EXERCISE REQUIREMENTS> Using the data below, output a verbatim copy of the lines between the one holding "6702 Hyacinth Lane - Photo 1" and the one holding "Với show diễn", inclusive, without any pictures.

EXTRACTED ENTRIES>
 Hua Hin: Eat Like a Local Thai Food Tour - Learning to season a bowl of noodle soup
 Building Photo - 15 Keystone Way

==

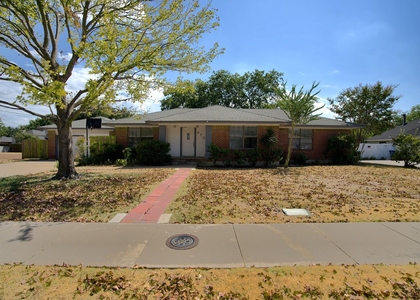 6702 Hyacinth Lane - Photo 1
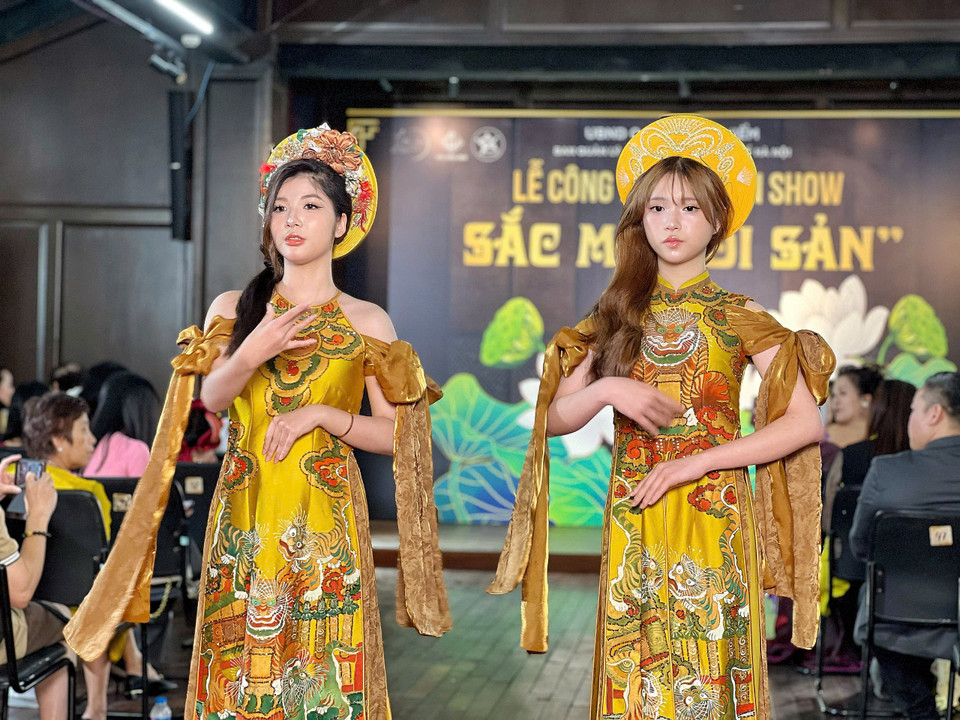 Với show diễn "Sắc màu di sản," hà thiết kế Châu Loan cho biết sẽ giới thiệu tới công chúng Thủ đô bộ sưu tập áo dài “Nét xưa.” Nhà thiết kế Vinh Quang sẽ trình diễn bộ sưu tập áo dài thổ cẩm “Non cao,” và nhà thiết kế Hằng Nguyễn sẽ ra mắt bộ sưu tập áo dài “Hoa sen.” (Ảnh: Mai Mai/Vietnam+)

SOLUTION FOR THIS EXERCISE>
 6702 Hyacinth Lane - Photo 1
 Với show diễn "Sắc màu di sản," hà thiết kế Châu Loan cho biết sẽ giới thiệu tới công chúng Thủ đô bộ sưu tập áo dài “Nét xưa.” Nhà thiết kế Vinh Quang sẽ trình diễn bộ sưu tập áo dài thổ cẩm “Non cao,” và nhà thiết kế Hằng Nguyễn sẽ ra mắt bộ sưu tập áo dài “Hoa sen.” (Ảnh: Mai Mai/Vietnam+)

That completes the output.